An intensivist, professor of intensive care in the Federal University of Sao Paulo, a major public university. I am proud of working with the Latin America Sepsis Institute (LASI), a non-government organization devoted to quality improvement process and knowledge translation in Brazilian hospitals. I am a member of the Executive Board of the Global Sepsis Alliance (GSA), an international organization aiming to raise awareness about sepsis and also a member of the Executive Committee for the Brazilian Research in Intensive Care Network (BRICNET), a network of young healthcare professionals involved in high quality research in Brazil.

All in a Day’s Work in Brazil

In a public ICU in Brazil, as like in any middle income country, there are so many hard things we have to deal with!

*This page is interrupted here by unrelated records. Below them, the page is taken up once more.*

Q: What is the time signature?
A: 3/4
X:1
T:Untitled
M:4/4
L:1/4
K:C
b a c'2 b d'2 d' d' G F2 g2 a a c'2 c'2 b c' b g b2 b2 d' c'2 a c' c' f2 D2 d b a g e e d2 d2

As many other emerging countries, Brazil has two completely different healthcare systems, a private system restricted to those who are insured and a public system free-of-charge available for everyone. As anywhere, there are lots of boring things in our daily routine. Some of them will piss you off regardless if you are working for a very nice private ICU or for an overcrowded public one. Deal with the assistant physicians, with our own colleagues and other healthcare professionals is not exactly easy and fun. Can you imagine something more repetitive than a checklist? However, some will be different. To decide who will get the last free bed? Put a patient in ECMO knowing how much it will cost? Having a fight after finally finding our ward colleagues to get a patient discharged? To discharge a patient knowing that he will come back because we don’t have step-down units? Yes, that is sometimes just too much! And this just all in a day’s work in a public ICU in Brazil.